*** Block opens ***

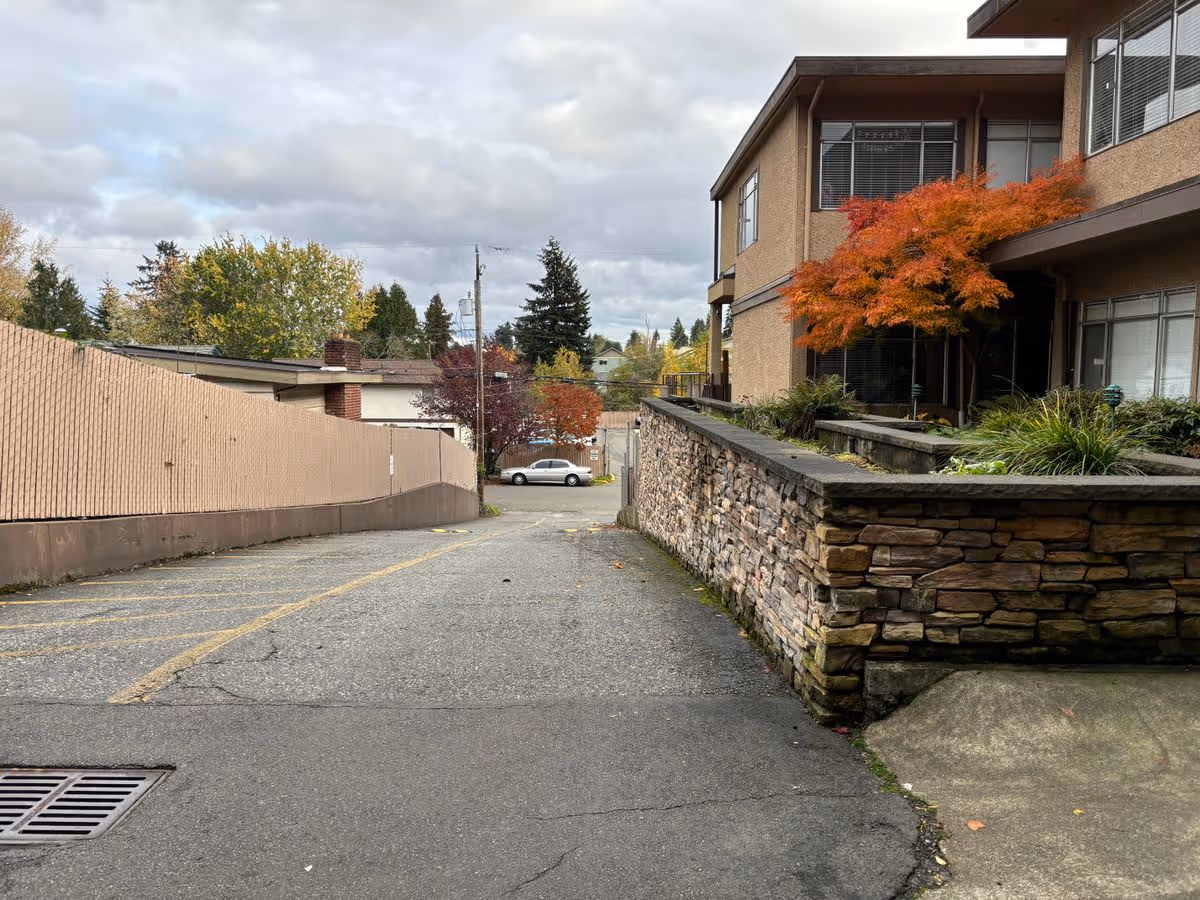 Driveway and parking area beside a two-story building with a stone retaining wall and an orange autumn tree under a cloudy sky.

*** Block closes ***
*** Block opens ***

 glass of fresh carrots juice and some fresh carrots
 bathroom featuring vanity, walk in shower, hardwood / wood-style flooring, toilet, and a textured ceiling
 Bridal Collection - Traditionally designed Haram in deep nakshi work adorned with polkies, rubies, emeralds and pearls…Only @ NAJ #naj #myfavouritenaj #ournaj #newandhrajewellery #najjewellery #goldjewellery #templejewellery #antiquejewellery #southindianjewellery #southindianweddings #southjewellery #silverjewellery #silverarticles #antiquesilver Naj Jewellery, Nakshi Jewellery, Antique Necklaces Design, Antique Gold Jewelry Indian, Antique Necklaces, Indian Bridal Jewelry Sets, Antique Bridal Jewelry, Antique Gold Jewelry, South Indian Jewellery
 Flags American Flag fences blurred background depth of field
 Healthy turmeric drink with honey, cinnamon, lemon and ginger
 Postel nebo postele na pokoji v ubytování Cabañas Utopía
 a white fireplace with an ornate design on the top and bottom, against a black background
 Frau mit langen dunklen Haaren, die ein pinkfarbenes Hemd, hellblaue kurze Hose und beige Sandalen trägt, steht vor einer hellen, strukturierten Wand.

*** Block closes ***

* **What needs to be done**
Look through the entries above and say how many lines contain "background", giving nothing but the number.

* **Reply to the task**
2